I discovered a few things about life this week. Nothing is ever certain unless it is on paper... and even then, things can still change. It was a difficult lesson to learn, but I suppose everything happens for a reason.

My nephew is now living with his dad. In many ways, I feel like I at least accomplished something this year. I know that if my mother had been well, there is no way she would have let my nephew go back to my brother... but its just not right. I believe everything happens for a reason. And the fact that my mother got sick is very sad, but it was also something that aided this situation. All in all, I think he will be most successful in this new environment living with his dad. I'm going to miss him terribly.

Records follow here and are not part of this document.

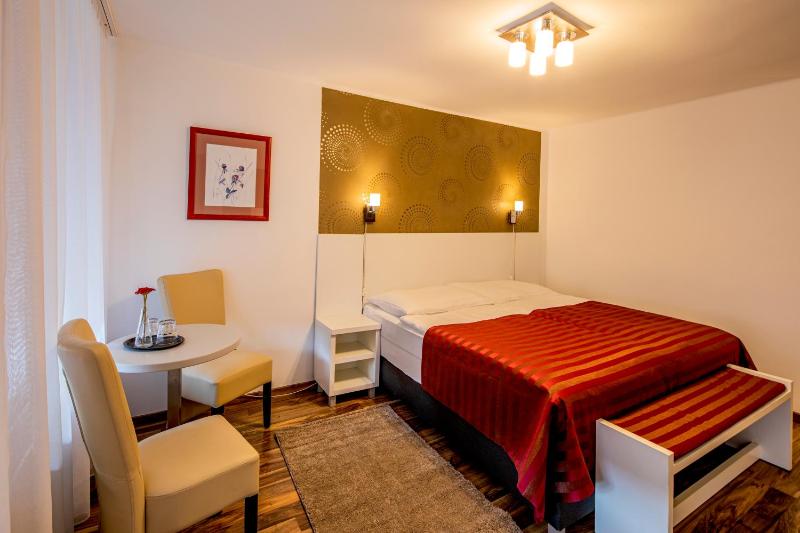 Double or Twin Room image 2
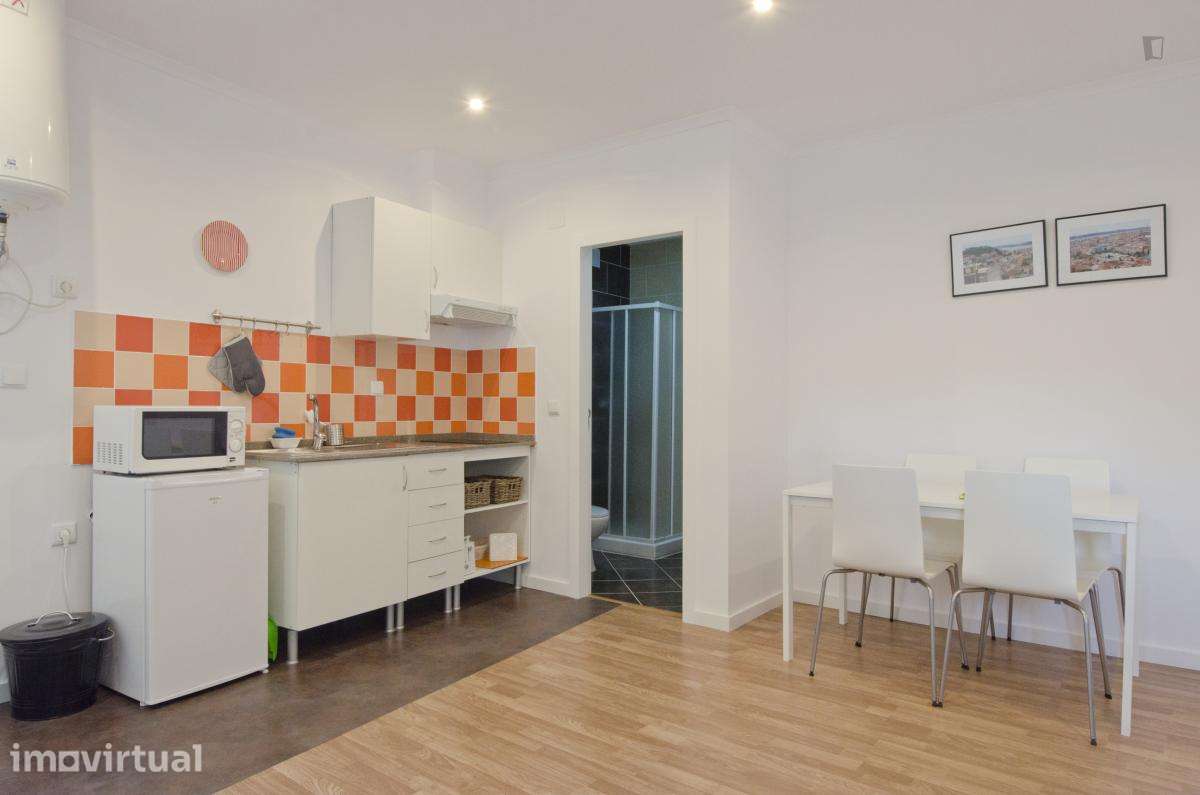 Apartamento com 1 quartos - localizado em Mouraria Lisbon - Grande imagem: 4/14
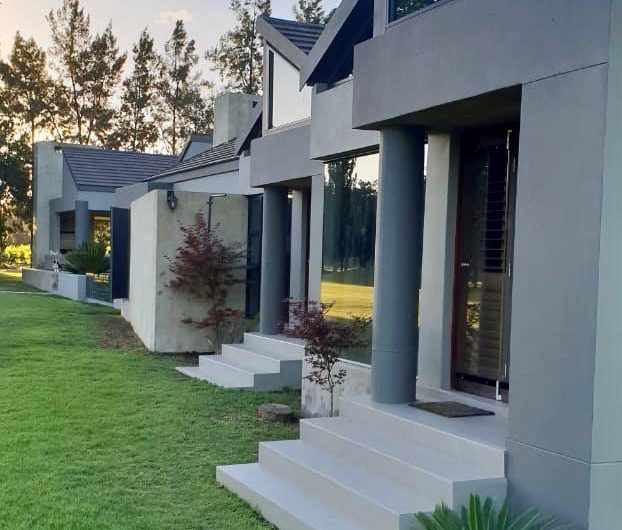 4 Bedroom House in Magersfontein Memorial Golf Estate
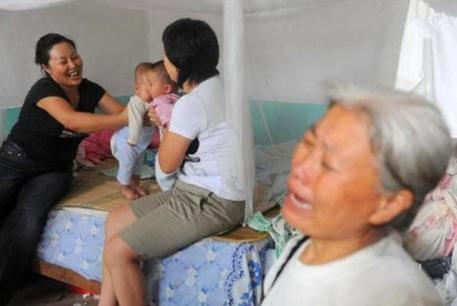 Con gái và con dâu cùng sinh một lúc, cách ứng xử của người mẹ chồng này rất đáng để học hỏi 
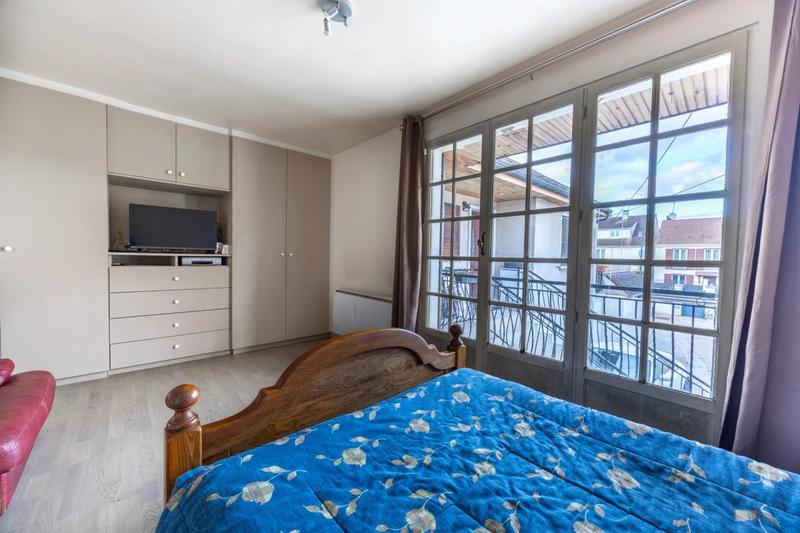 Appartement - 94 m² - 3 pièces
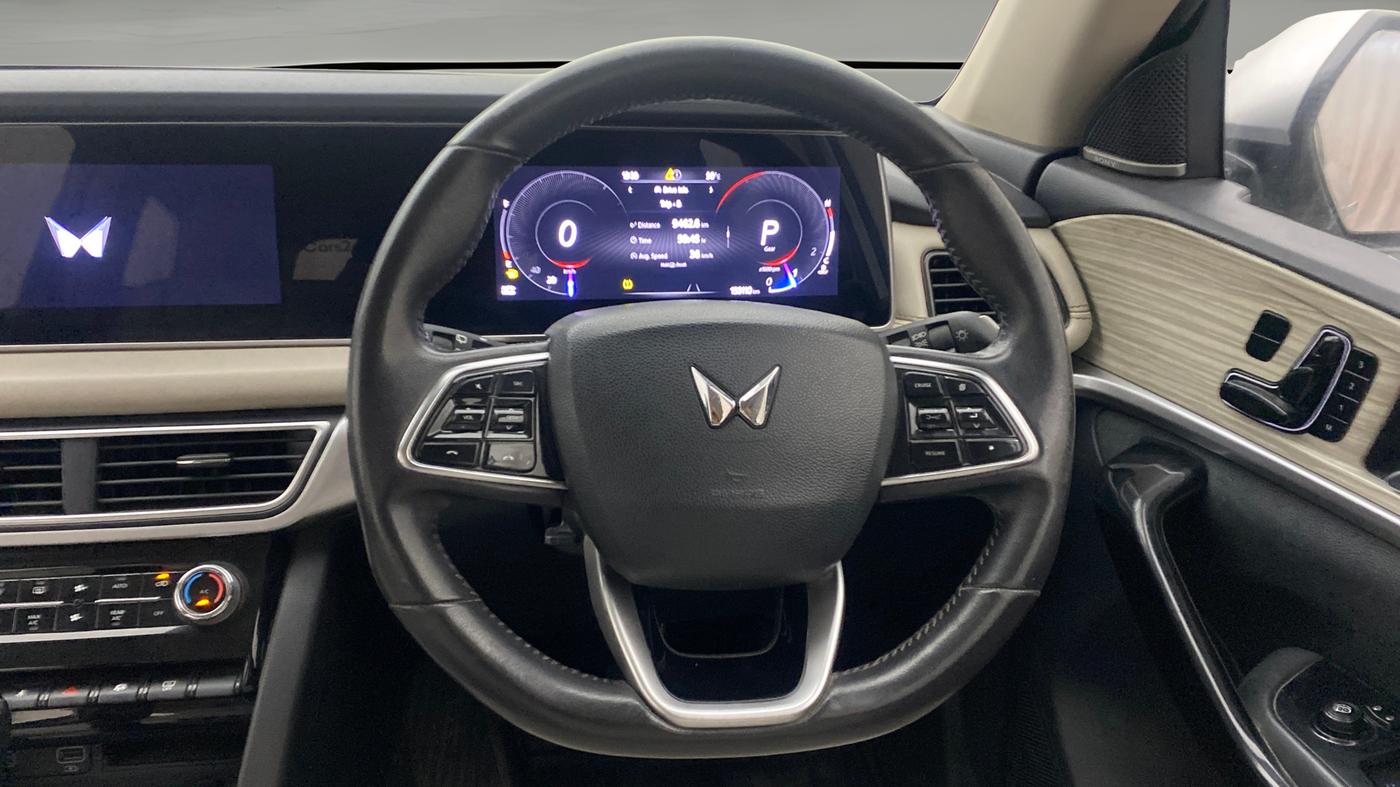 2021 Mahindra XUV700 AX 7 LUXURY P AT 7 STR, Petrol, Automatic, 1,33,099 km, Steering Wheel Close Up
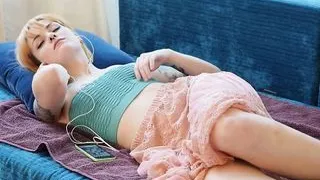 Yanks Danae Masturbating Her Pussy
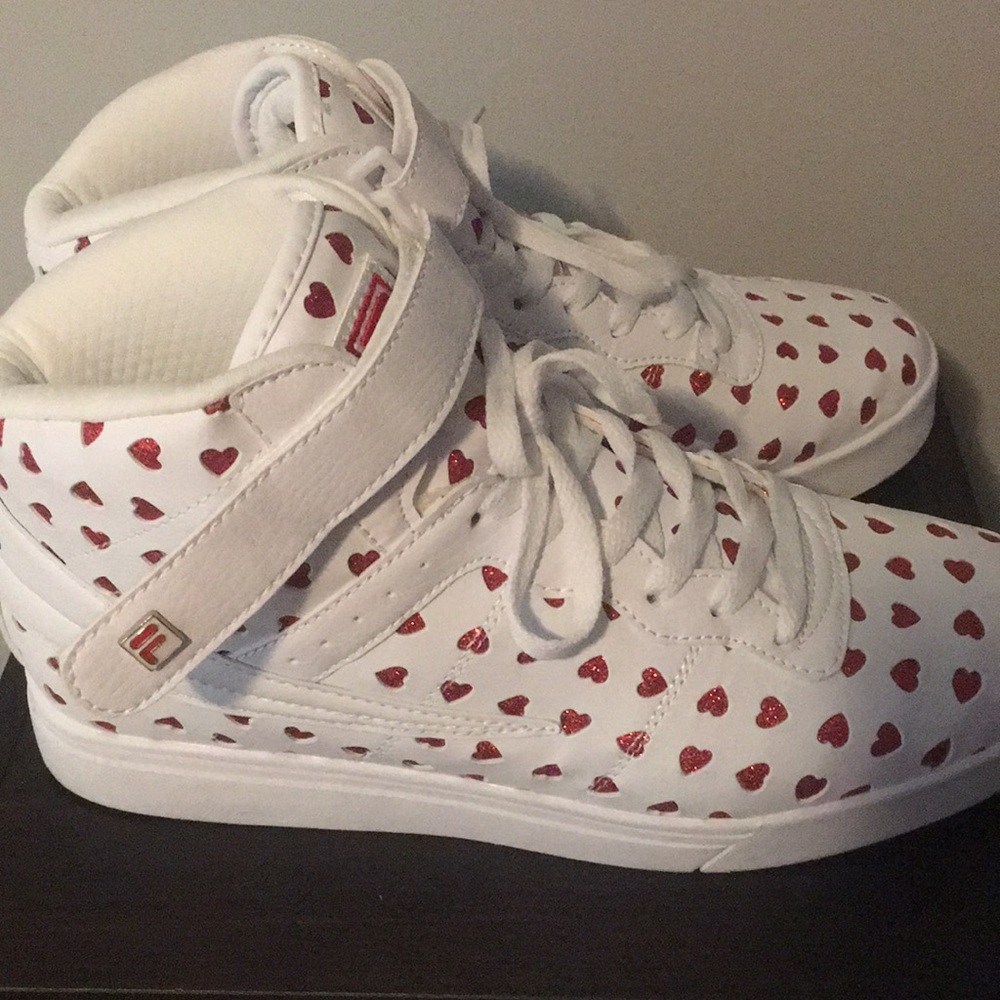 Women’s FILA shoes - Picture 2 of 4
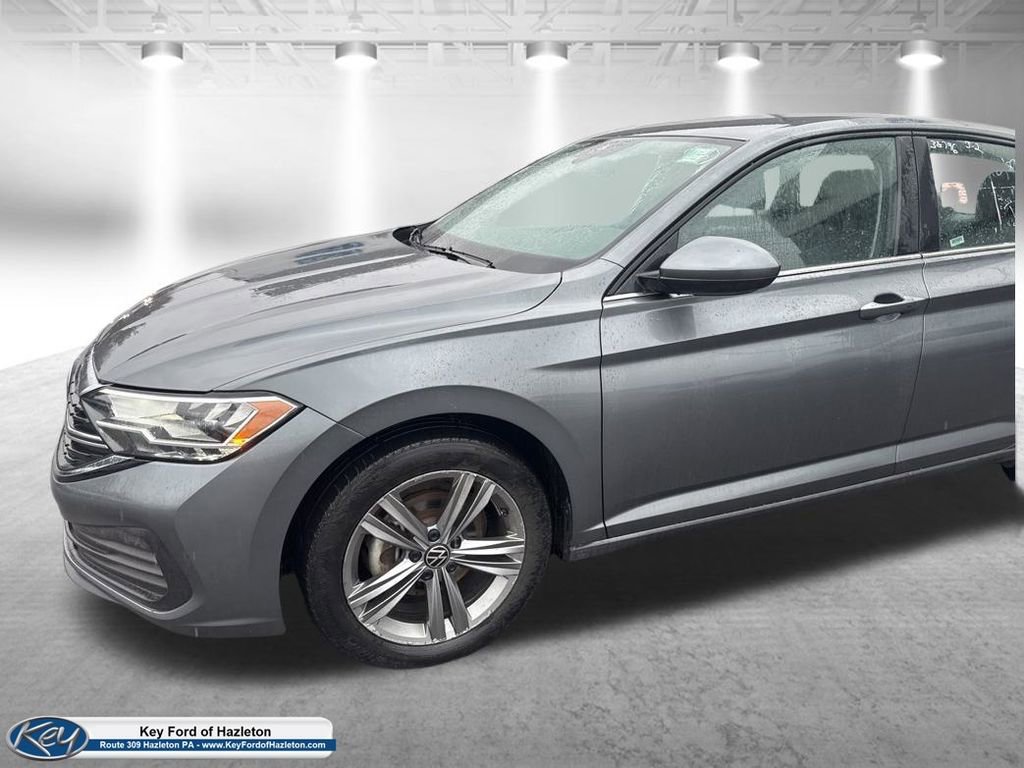 Used 2024 Volkswagen Jetta SE image 4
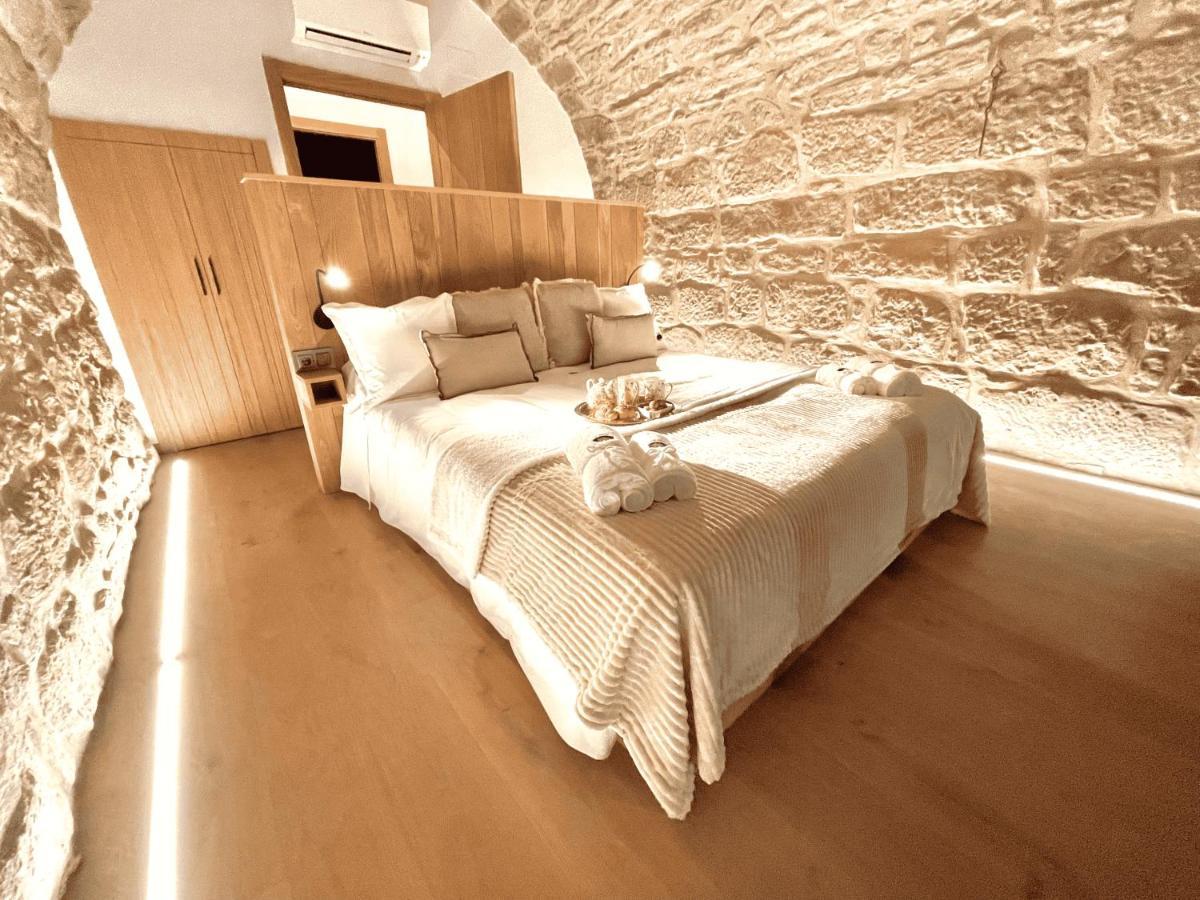 Torre Medieval De Queralt & Apartment *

This past year, I have learned that things aren't always what they seem. For example, I use to always take my mother's side in various things that have to do with family/life... well, I've been wrong. Her expectations of everyone but herself are way to high. So nothing is ever good enough. Her children will never been good enough. Her friends will never be good enough. So we all just do what we can to live our own lives and not be affected by her criticism and negativity.

So whats next in the crazy life?


I have NO clue.



ANother thing...

I've been having these visions. I will think of an event and not long after it goes through my thoughts, it happens. This has happened NUMEROUS times. The first time I was in church and I had this vision that an EMTs and Firemen would come through a specific door of the church with a gurny (sp?). Mind you, there are about four different entrances into that church. About 20 minutes later, it happens... that exact door with the same people. I about fainted in church. Another time, I was sitting in church and I got this vision of my nephew throwing up in church. About 25 minutes after that, he started to gag and make these noises... sounds nasty I know, but I reacted immediately and prevented the situation from happening... at least in church. Then, Saturday night I had another vision that I wouldn't be able to find Bradford... that he would run off in the mall and I would be panicked. Two hours later, it happened.... maybe for only 1 minute, but my god, it was the worst fucking minute in the world.

Life is scary sometimes. But I know that everything will eventually turn out... whether or not it will turn out as I'd like it, is another question.